All this is a guarantee and is the result of the intense regulatory and supervisory reforms that have taken place since the financial crisis, as well as better risk management by institutions. There is no doubt that we in the European Union have learned the lessons of the financial crisis. Prudential and accounting standards have been strengthened. Banking supervision has been improved and a single supervisor for the main eurozone institutions, the Single Supervisory Mechanism, has been created. A Single Bank Resolution Mechanism has been created which, although it can be improved, obliges institutions to considerably increase their capacity to cope with losses without requiring public aid.

But we must not become complacent and think that all the work has been done. For example, we are currently finalising negotiations on the banking package that will implement the Basel III prudential standards, strengthen bank governance criteria (Fit and Proper) and more strictly regulate branches of third country entities. In my opinion, it is desirable to regulate these third country branches in a harmonised manner to ensure that banking problems in other parts of the world do not directly harm European citizens.

In your opinion, what are the main challenges facing the European financial sector in the medium and long term?

From the regulator’s point of view, it is essential to complete the Banking Union. It would be a serious mistake to trip over the same stone twice and not complete this important project until we are once more faced with a major financial crisis.

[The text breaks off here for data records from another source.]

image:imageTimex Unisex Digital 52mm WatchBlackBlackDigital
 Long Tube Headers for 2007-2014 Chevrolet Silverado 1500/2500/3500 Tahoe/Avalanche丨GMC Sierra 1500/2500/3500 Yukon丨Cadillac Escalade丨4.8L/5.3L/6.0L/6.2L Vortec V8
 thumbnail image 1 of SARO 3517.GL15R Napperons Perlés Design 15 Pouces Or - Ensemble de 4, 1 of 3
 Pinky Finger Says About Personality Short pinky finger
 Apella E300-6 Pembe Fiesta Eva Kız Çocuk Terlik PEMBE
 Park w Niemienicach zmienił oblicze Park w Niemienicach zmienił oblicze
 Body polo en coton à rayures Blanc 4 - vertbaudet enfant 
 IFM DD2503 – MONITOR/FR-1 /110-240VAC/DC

Therefore, we must improve banking crisis management, so that resolution procedures with sufficient industry funding are the norm. This would avoid having to use public money, which is costly for the taxpayer, has poor social acceptance and its use can be questioned and hindered by national parliaments. Moreover, experience shows that in resolution processes, especially for institutions of a certain size, it is essential to have strong liquidity lines from the central bank. A scheme should be created so that the ECB can provide liquidity in resolution with a public backstop, either the guarantee of the European Stability Mechanism or the guarantee of the Member States through joint debt issuance by the Commission.

“We must improve banking crisis management, so that resolution procedures with sufficient industry funding are the norm.”

The Eurozone should also have a European Deposit Guarantee Fund, EDIS, as soon as possible, which would cover all depositors equally. In times of financial volatility and uncertainty, EDIS would help to maintain greater depositor confidence. As mentioned above, the SVB and Credit Suisse cases show that deposit withdrawals in the face of bank panics are very rapid today, making this issue more important.

It is also necessary to achieve a greater degree of financial integration that will effectively allow us to speak of a European Financial Sector. Currently, levels of financial fragmentation are very high, both in banking and in capital markets, leading to an inefficient allocation of savings and investment. There is little incentive for cross-border bank mergers, as current regulations limit the synergies and efficiencies that could be achieved. And non-bank financing needs to be further developed, to introduce competition in financial markets, to reduce dependence on bank financing and to enable better financing of projects with a highly intangible component. In other words, the Capital Markets Union must be deepened faster and more intensively.

One last point on the regulatory side. There are countries in the Union that could make greater efforts to improve their banking systems. Although this is not an issue that should be of concern from the point of view of confidence and credibility in banks in general at the present time, it would result in better financing for families and companies, as well as greater solidity in the system. The reforms carried out in Spain after the financial crisis, such as the reform of the savings banks, improvements in corporate governance or the appropriate reorganisation of institutions, are clear examples of the type of measures that could be adopted in some countries.

The sector is facing increasing competitive pressure from new players, highly digitised and with a high capacity to exploit the data economy. Increasing competition from large internet platforms and the emergence of new business models in areas previously considered to be mature, such as payments and lending, are undoubtedly positive for the banking customer and for society. But they present a growing challenge for the banking sector, which must better digitise, gain efficiency and improve its products and services to ensure customer loyalty.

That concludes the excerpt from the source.